* Given data *

▼▼▼

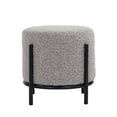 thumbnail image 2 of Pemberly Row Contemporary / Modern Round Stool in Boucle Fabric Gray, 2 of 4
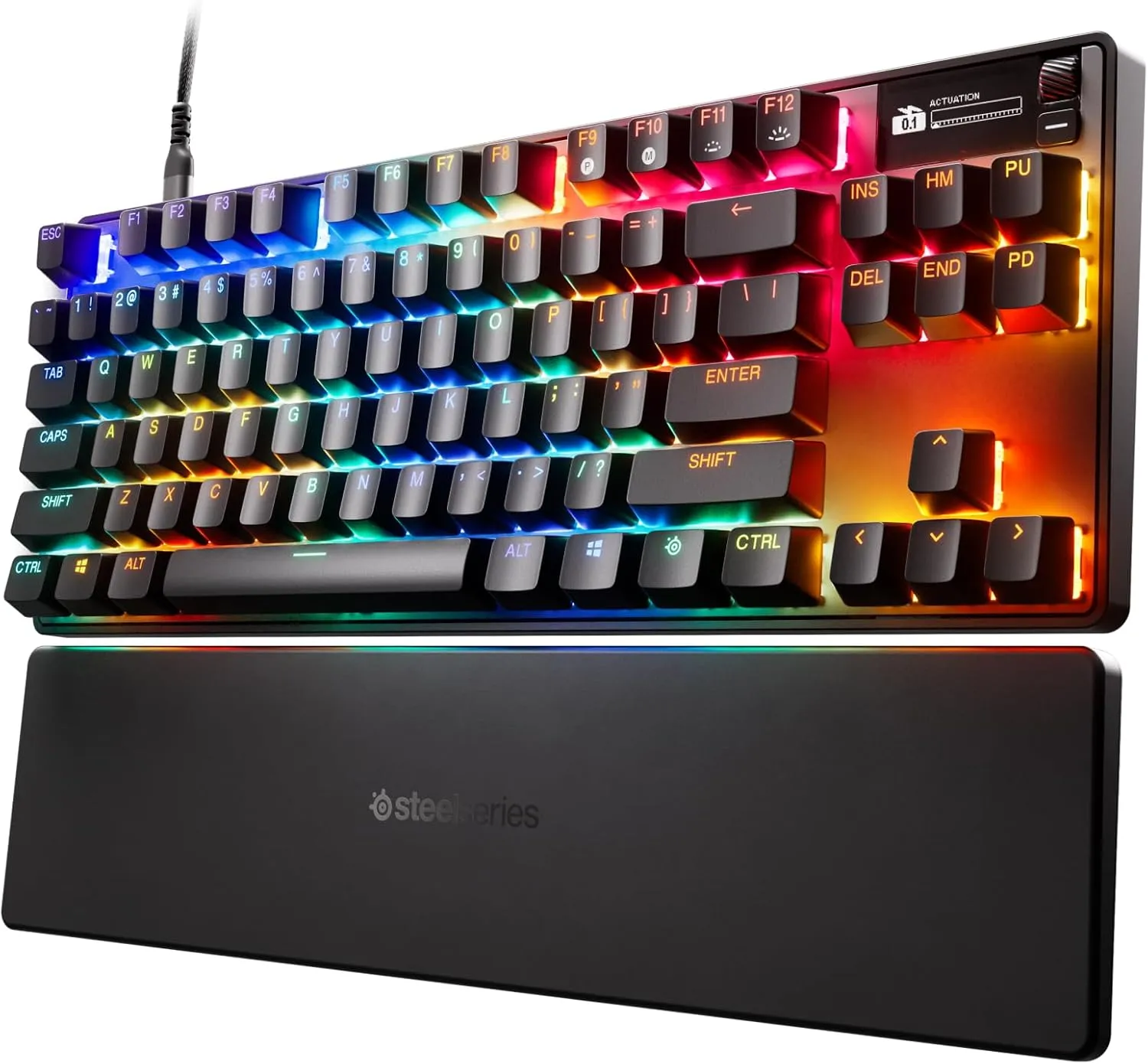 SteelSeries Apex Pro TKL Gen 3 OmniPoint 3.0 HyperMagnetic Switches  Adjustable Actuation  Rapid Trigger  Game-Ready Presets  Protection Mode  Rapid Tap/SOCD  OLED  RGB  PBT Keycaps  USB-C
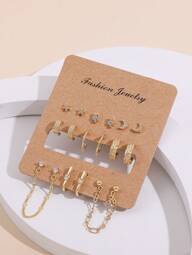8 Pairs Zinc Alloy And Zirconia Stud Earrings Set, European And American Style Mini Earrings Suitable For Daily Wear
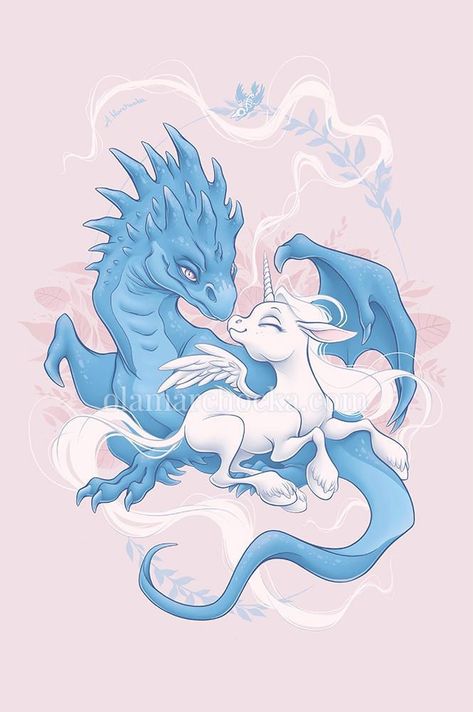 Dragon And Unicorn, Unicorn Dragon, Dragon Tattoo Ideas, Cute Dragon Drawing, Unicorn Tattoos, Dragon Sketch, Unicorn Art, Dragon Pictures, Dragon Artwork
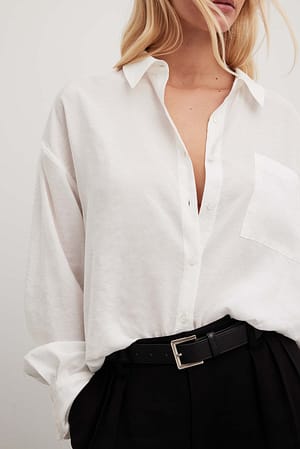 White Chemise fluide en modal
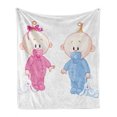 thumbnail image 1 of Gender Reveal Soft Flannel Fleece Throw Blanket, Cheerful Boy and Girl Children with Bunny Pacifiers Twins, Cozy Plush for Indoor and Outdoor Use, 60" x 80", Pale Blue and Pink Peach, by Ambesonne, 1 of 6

▲▲▲
▼▼▼

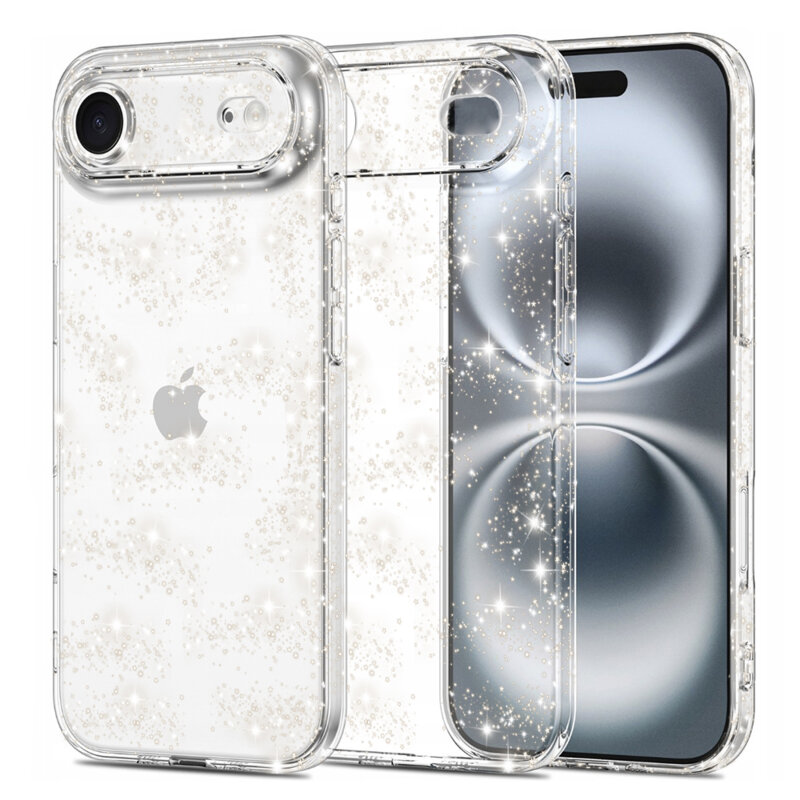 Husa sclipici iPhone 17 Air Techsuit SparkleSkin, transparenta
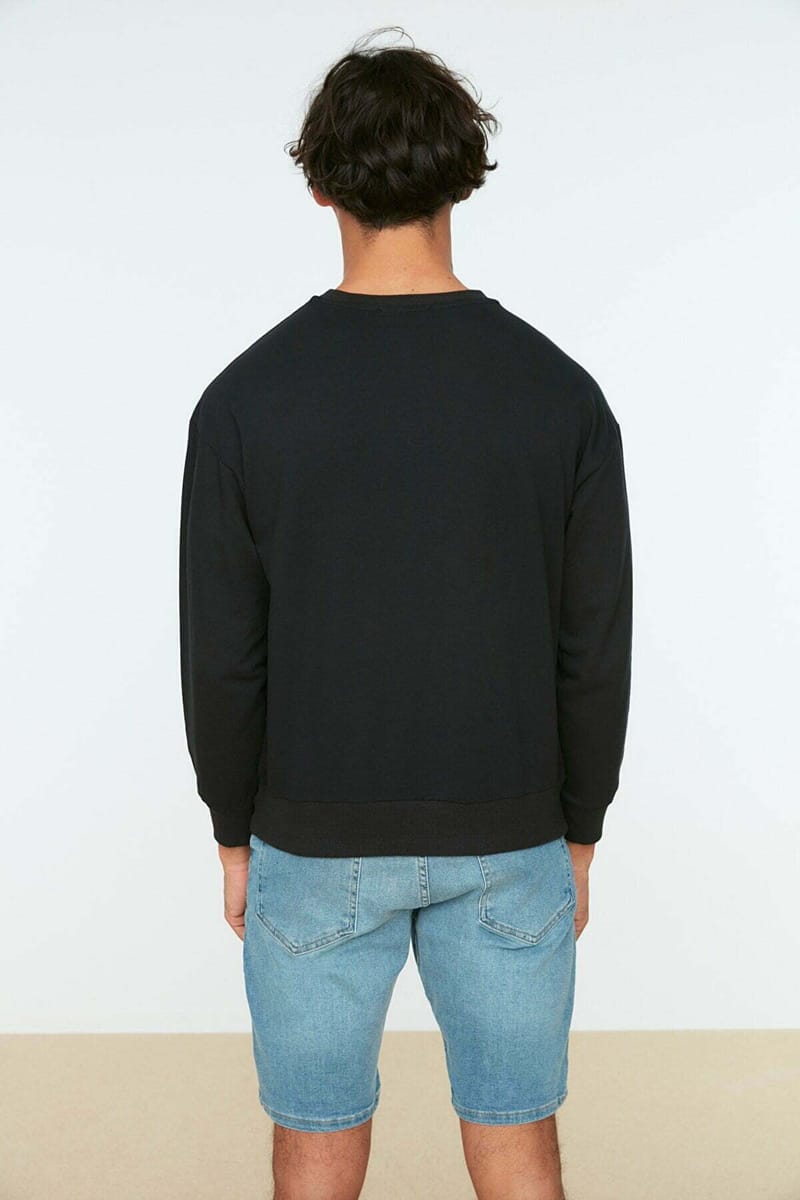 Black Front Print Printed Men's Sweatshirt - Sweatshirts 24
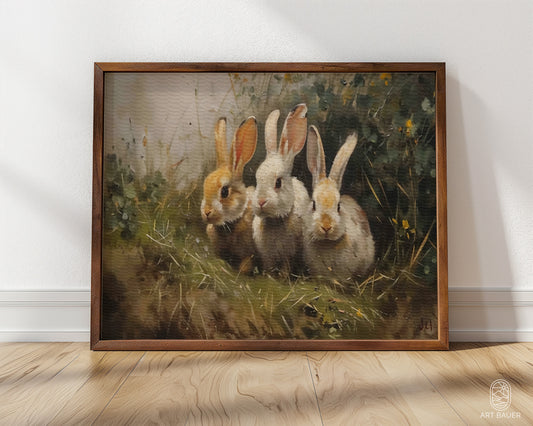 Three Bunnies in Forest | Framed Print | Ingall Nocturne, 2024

▲▲▲

* Assigned task *
From the records above, copy only the lines running from the line containing "Husa sclipici iPhone" to the line containing "Three Bunnies in", both ends included. Leave the pictures out.

* Worked solution *
 Husa sclipici iPhone 17 Air Techsuit SparkleSkin, transparenta
 Black Front Print Printed Men's Sweatshirt - Sweatshirts 24
 Three Bunnies in Forest | Framed Print | Ingall Nocturne, 2024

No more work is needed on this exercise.